If our author deserve credit, we need not examine whether nations have a right of resisting, or a reasonable hope of succeeding in their endeavours to prevent or avenge the mischiefs that are feared or suffered, for ’tis not worth their pains. The inconveniences, says he, and miseries which are reckoned up by Samuel, as belonging unto kingly government, were not intolerable, but such as have been and are still born by the subjects’ free consent from their princes. Nay at this day, and in this land, many tenants by their tenures are tied unto the same subjection, even unto subordinate and inferior lords.1 He is an excellent advocate for kingly government, that accounts inconveniences and miseries to be some of the essentials of it, which others esteem to be only incidents. Tho many princes are violent and wicked, yet some have been gentle and just: tho many have brought misery upon nations, some have been beneficial to them: and they who are esteemed most severe against monarchy, think the evils that are often suffer’d under that form of government, proceed from the corruption of it, or deviation from the principle of its institution; and that they are rather to be imputed to the vices of the person, than to the thing itself; but if our author speak truth, it is universally and eternally naught, inconvenience and misery belong to it.

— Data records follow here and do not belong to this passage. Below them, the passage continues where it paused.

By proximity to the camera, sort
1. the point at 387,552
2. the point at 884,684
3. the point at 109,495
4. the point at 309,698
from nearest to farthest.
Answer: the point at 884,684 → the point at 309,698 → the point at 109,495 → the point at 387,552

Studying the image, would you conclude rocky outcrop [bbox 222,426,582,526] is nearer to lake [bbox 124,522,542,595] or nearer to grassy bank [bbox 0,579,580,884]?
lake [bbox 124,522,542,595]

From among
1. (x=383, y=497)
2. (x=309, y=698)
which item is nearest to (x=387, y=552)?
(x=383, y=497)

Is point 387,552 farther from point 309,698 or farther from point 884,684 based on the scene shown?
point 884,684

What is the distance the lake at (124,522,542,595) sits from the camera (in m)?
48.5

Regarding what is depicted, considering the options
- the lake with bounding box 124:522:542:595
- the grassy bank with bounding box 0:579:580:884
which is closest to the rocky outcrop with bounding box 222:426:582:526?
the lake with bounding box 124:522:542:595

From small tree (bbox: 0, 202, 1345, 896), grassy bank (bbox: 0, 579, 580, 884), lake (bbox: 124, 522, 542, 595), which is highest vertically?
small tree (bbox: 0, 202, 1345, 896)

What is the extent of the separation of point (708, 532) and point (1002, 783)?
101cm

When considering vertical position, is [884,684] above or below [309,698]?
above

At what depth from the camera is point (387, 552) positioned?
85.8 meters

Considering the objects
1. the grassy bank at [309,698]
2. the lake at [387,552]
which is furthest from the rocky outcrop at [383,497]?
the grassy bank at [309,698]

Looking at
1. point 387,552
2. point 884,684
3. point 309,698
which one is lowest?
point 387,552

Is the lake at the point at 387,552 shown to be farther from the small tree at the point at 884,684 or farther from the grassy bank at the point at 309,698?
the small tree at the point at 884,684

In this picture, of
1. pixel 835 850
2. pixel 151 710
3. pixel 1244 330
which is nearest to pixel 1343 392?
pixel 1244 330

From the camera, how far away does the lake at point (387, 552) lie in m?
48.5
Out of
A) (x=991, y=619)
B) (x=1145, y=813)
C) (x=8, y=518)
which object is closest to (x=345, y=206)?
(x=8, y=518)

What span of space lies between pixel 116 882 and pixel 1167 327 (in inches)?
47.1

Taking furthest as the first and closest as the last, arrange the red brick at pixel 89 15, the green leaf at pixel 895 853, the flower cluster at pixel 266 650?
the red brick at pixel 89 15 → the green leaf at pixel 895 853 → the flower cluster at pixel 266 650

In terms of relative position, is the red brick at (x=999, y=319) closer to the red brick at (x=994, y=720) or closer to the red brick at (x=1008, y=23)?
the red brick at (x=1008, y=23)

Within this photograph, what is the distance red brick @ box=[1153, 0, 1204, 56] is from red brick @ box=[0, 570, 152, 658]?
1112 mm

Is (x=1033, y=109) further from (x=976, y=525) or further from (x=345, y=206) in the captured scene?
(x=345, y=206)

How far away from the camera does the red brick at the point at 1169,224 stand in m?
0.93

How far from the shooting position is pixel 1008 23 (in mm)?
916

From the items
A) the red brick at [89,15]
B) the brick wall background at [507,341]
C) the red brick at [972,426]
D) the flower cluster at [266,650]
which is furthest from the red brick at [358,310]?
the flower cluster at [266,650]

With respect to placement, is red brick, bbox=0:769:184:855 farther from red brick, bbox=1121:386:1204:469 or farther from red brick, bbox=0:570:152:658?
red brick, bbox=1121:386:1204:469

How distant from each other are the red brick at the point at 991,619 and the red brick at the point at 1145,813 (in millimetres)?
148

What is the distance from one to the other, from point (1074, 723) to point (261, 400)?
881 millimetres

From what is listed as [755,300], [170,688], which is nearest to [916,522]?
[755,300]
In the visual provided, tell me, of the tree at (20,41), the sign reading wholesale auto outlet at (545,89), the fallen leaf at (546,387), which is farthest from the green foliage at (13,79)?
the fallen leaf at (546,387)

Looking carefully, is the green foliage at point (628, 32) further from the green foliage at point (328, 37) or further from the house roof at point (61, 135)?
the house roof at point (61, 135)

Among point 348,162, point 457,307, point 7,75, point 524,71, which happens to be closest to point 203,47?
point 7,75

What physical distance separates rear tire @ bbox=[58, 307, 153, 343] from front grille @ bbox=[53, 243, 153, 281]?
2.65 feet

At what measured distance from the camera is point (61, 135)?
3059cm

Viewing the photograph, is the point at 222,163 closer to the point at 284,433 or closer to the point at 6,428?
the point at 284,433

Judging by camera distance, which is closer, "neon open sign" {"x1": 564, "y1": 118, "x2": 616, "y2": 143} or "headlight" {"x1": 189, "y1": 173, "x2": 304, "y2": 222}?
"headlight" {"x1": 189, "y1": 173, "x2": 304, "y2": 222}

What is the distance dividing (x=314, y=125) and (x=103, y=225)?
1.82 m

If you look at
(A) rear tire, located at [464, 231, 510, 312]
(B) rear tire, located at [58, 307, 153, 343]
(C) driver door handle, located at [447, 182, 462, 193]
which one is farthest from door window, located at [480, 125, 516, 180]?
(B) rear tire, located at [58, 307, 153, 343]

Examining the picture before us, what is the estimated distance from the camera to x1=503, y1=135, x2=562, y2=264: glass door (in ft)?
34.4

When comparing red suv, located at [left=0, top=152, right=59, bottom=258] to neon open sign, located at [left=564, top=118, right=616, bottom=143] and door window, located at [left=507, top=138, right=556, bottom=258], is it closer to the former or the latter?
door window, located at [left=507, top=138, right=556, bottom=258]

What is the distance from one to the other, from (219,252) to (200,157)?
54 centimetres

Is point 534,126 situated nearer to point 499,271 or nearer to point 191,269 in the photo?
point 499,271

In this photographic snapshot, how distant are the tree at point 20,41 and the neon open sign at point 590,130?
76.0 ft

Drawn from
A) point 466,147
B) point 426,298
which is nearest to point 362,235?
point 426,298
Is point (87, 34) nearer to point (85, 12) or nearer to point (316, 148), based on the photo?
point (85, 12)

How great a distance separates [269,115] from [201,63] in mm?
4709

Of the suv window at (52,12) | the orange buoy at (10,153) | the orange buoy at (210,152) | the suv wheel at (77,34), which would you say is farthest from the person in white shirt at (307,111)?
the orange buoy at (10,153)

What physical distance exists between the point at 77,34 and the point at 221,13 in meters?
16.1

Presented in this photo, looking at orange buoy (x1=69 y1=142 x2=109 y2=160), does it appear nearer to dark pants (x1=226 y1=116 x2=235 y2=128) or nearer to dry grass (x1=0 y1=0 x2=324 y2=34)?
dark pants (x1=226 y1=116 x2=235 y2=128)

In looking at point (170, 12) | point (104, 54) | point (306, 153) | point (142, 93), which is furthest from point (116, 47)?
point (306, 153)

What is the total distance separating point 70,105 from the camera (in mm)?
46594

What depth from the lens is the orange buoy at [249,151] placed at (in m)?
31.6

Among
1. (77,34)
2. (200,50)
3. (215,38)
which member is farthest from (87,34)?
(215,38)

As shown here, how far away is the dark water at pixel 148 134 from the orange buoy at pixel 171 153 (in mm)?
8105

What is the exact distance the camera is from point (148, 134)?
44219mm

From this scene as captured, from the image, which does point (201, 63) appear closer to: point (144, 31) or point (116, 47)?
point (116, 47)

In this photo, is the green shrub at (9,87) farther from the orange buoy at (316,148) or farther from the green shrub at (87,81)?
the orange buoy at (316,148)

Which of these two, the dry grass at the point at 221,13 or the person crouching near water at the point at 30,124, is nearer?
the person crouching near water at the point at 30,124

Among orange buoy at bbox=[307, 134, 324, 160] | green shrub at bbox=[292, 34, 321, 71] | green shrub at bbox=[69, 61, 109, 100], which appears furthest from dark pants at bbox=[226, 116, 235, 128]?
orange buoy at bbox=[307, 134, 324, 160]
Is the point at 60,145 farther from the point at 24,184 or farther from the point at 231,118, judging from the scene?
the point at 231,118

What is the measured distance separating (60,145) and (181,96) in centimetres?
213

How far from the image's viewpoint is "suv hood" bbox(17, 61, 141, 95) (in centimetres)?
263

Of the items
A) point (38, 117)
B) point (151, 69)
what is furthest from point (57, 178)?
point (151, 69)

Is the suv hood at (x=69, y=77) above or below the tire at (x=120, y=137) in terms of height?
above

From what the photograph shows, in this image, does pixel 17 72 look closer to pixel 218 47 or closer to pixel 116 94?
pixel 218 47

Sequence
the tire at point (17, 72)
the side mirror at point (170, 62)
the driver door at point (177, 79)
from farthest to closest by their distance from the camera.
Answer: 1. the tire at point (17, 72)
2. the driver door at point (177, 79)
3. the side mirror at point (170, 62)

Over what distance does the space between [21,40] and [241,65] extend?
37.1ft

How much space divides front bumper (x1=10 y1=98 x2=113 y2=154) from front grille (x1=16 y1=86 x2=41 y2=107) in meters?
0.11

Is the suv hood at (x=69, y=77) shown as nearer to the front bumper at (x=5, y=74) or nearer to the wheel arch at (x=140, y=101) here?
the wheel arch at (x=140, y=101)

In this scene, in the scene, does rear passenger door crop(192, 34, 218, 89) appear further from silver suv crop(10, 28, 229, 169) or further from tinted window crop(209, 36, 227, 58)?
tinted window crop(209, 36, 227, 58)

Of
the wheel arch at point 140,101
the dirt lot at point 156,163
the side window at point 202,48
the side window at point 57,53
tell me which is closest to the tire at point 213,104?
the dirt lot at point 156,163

He thinks to mend this by saying, they are not intolerable: but what is intolerable if inconveniences and miseries be not? For what end can he think governments to have been established, unless to prevent or remove inconveniences and miseries? or how can that be called a government which does not only permit, but cause them? What can incline nations to set up governments? Is it that they may suffer inconveniences, and be brought to misery? or if it be to enjoy happiness, how can that subsist under a government, which not by accident, deflection or corruption, but by a necessity inherent in itself, causes inconveniences and miseries? If it be pretended that no human constitution can be altogether free from inconveniences; I answer, that the best may to some degree fall into them, because they may be corrupted; but evil and misery can properly belong to none that is not evil in its own nature. If Samuel deserve credit, or may be thought to have spoken sense, he could not have enumerated the evils, which he foresaw the people should suffer from their kings, nor say, that they should cry to the Lord by reason of them, unless they were in themselves grievous, and in comparison greater than what they had suffer’d or known; since that would not have diverted them from their intention, but rather have confirmed them in it. And I leave it to our author to show, why any people should for the pleasure of one or a few men, erect or suffer that which brings more of evil with it than any others.
Moreover, there is a great difference between that which nations sometimes suffer under kings, and that which they willingly suffer; most especially if our author’s maxim be received, That all laws are the mandates of kings, and the subjects’ liberties and privileges no more than their gracious concessions; for how patient soever they are under the evils they suffer, it might reasonably be believ’d they are so because they know not how to help it: And this is certainly the case of too many places that are known to us. Whoever doubts of this, if he will not put himself to the trouble of going to Turkey or Morocco, let him pass only into Normandy, and ask the naked, barefooted and half-starved people whether they are willing to suffer the miseries under which they groan; and whether the magnificence of Versailles, and the pomp of their haughty master, do any way alleviate their calamities. If this also be a matter of too much pains, the wretches that come hither every day will inform him, that it is not by their own consent they are deprived of all honors and offices in the commonwealth, even of those, which by a corrupt custom that had gained the force of a law, they had dearly bought; prohibited to exercise any trade; exposed to the utmost effects of fraud and violence, if they refuse to adore their master’s idols. They will tell him, that ’tis not willingly they leave their lands and estates to seek a shelter in the most remote parts of the world; but because they are under a force which they are not able to resist; and because one part of the nation, which is enriched with the spoils of the other, have foolishly contributed to lay a yoke upon them which they cannot break.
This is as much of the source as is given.